Sixteen people have been killed and over one lakh affected due to heavy rains and strong winds in Sri Lanka in a week, even as the Army was deployed for rescue and relief operations.
The inclement weather, persisting since May 20, has affected 20 out of the 25 districts of the country, including five districts which are on red alert for possible landslides.
“The death toll had reached 16 as of this morning (Saturday) with one person reported missing,” the Colombo Gazette reported.
Sri Lanka’s Disaster Management Centre said the bad weather has affected more than 130,000 people in 20 districts so far.
Flooding and subsequent potential landslides threat has forced the evacuation of people in low-lying areas in parts of the country, it said.
Five districts including Kegalle, Kalutara, Galle, Ratnapura and Nuwara Eliya are on “red alert” for possible landslides, according to the disaster management centre.
Meanwhile, the report said over 13,000 families have been evacuated to 231 welfare centres due to flood and landslide risks in 10 districts.
As many as 123 people from 36 families, who were stranded after opening of all spill gates of the Thabbowa reservoir, have been rescued in Puttalam in the North Western Province, the Army said.

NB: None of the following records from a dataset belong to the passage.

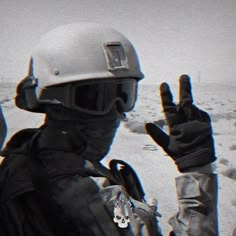 a man wearing a helmet and holding his hand up in the air while standing on top of snow covered ground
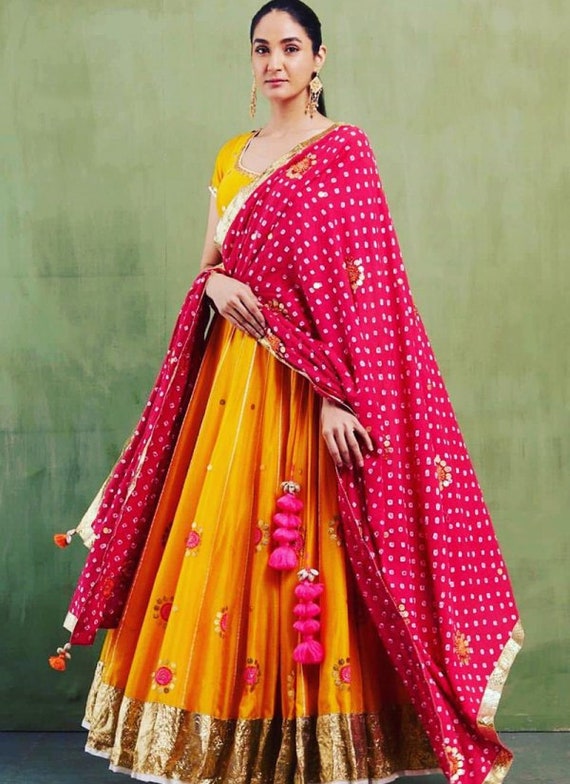Red yellow lehenga best sale choli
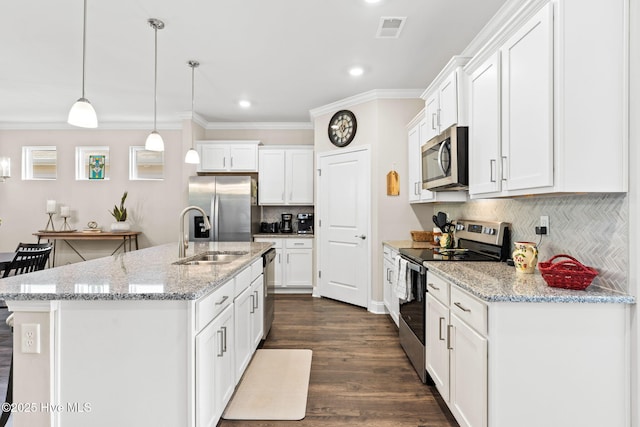 kitchen with appliances with stainless steel finishes, hanging light fixtures, decorative backsplash, white cabinets, and sink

The Army said these families were relocated to safe locations by its troops.
According to a media report, the South-West Monsoon is still suppressed by the persisting wind circulations and is expected to settle by end of this week.
The weather department has predicted that the prevailing showery condition may continue to next 72 hours in South-western area.
Heavy rainfall of around 100-150 mm is expected in the Sabaragamu, Western, Central and North-Western areas and while evening showers are expected in other areas, especially in North due to current wind disturbance.
Sri Lanka, which has been heavily deforested for cash crops, often witnesses landslides during the monsoon season.
Last year, heavy floods and landslides triggered by the worst rainfall killed at around 100 people and left 110 missing.